There's some charge allocated to Chemical.

Hans-Ulrich Engel

That's what -- sorry, that's what I tried to say. There is an element that relates to the Surface Tech and i.e., to the Chemical business.

Stefanie Wettberg

So now it's Sebastian Bray, Berenberg.

Sebastian Bray

It's on the impairment in upstream chemicals. Is there either a geographic or value chain focus to where the impairment is implied?

And how do the assumptions, either in terms of value chain and time horizon that flow into this impairment, differ from those related to the investments in Guangdong sites? And to be more specific, is it that you think Chinese capacity supply/demand will recover on a 4- to 5-year view, but the impairment refers primarily to a shorter period of time?

Or is it mainly geographical?

Martin Brudermuller

I mean, overall, I mean, it is a perception and I think an estimation about commodity business, the supply/demand. I think we have talked more than once about that, that this is certainly all a detailed view look by value chain.

But it is an overall pattern that is basically true for many of the big lines over there. This is why several of the commodity lines are part of that impairment, and certainly also plans and business cases in certain regions, but it's not one thing.

It is a more broad picture. If you look on China, then this is certainly something where supply/demand is a challenge, but it is also at the same time, the only market that has significant growth rates, and that is actually the market.

And particularly with what I said earlier, with a strong focus on the domestic demand and even higher growth rates in the Chinese market, that is normally the market because of size that also can digest this imbalance as much quicker than others.

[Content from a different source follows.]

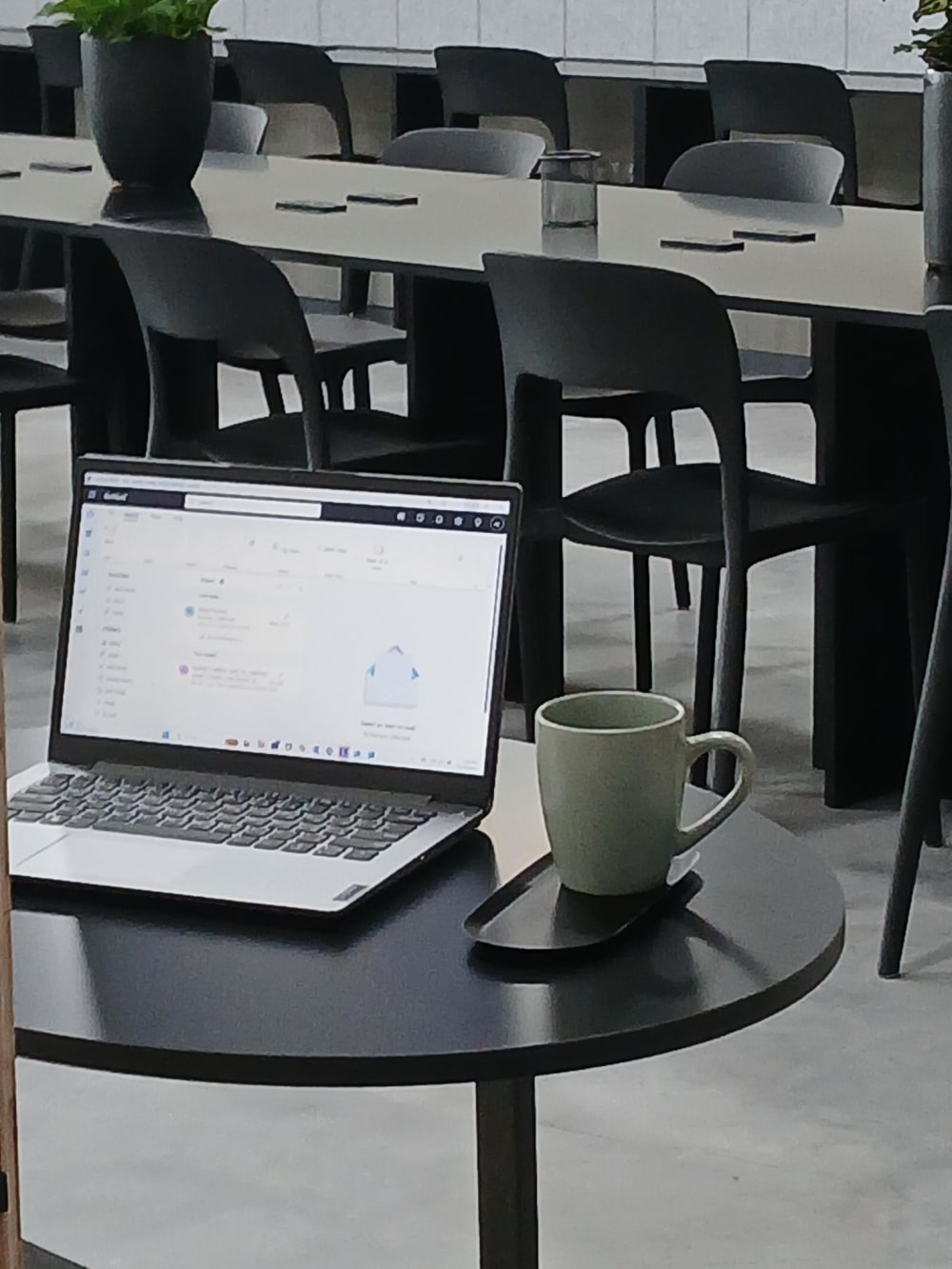 AVANT-GARDE COWORKING SPACES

And this is why if it makes at all somewhere sense to build commodities, then it is in China.

And we have reduced all our expectations in CapEx for commodities in most areas of the world, in lines. But certainly, in China, if you build Verbund site, where you need also the first step of the value chain to build up these chains and these networks, and you look then on the different markets, then you see some markets where within 12 months, 15 months, you can digest -- or this market can digest one world-scale plant.

So I think if you have then the right concept for it embedded in this Verbund idea, then it makes sense. If you're more stand-alone, I would doubt that this will make sense.

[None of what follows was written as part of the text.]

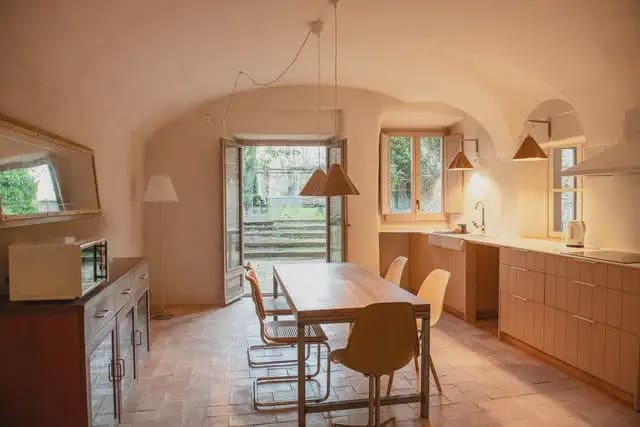 2 slaapkamer Flat te huur in Gerona stad - € 1.900 (Ref: 9911874)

So we will talk about you what we do in detail and in China a little bit later and give you the frame about that. But that's roughly what is behind these thoughts.

So the commodity markets in China long term still interesting because of size and growth rates.

Stefanie Wettberg

One follow-up question, but it will be really definitely the final question from Laurent Favre now, Exane BNP Paribas.

Laurent Favre

I've got a very similar question on the impairments in Ag compared to all the other questions you've had on impairments. So a bit surprised by the magnitude of these impairments.

Is it just glufosinates? Have you done anything on dicamba, for instance?

And why do you now think that there's overcapacity in your network on glufosinates? And therefore, why the need to rationalize capacity?

Hans-Ulrich Engel

Yes, Laurent, this is Hans. Happy to take your question.

It is exclusively glufosinate-ammonium. You look at the generic competition there and the cost position that competitors have, we came to the conclusion we must rationalize our production footprint.

This means we will have to close the plant in Muskegon. We will have to close one of the lines in Germany and then produce the active ingredient in the remaining 2 lines in Germany.

That should improve our cost position significantly. We're also taking a number of other measures to put this business overall in a better position.

But the short answer to what you have asked is exclusively glufosinate-ammonium.

Laurent Favre

And not LibertyLink related on intangibles?

Hans-Ulrich Engel

Pardon me? Again?

Laurent Favre

And not related to intangibles on LibertyLink on the Liberty platform?

Hans-Ulrich Engel

No.

Stefanie Wettberg

Ladies and gentlemen, this brings us to the end of our conference call. We will report on our full year results on February 26.

To conclude, I would like to wish you all the best, stay healthy, and let's keep in touch virtually. Thank you for joining us today, and goodbye for now.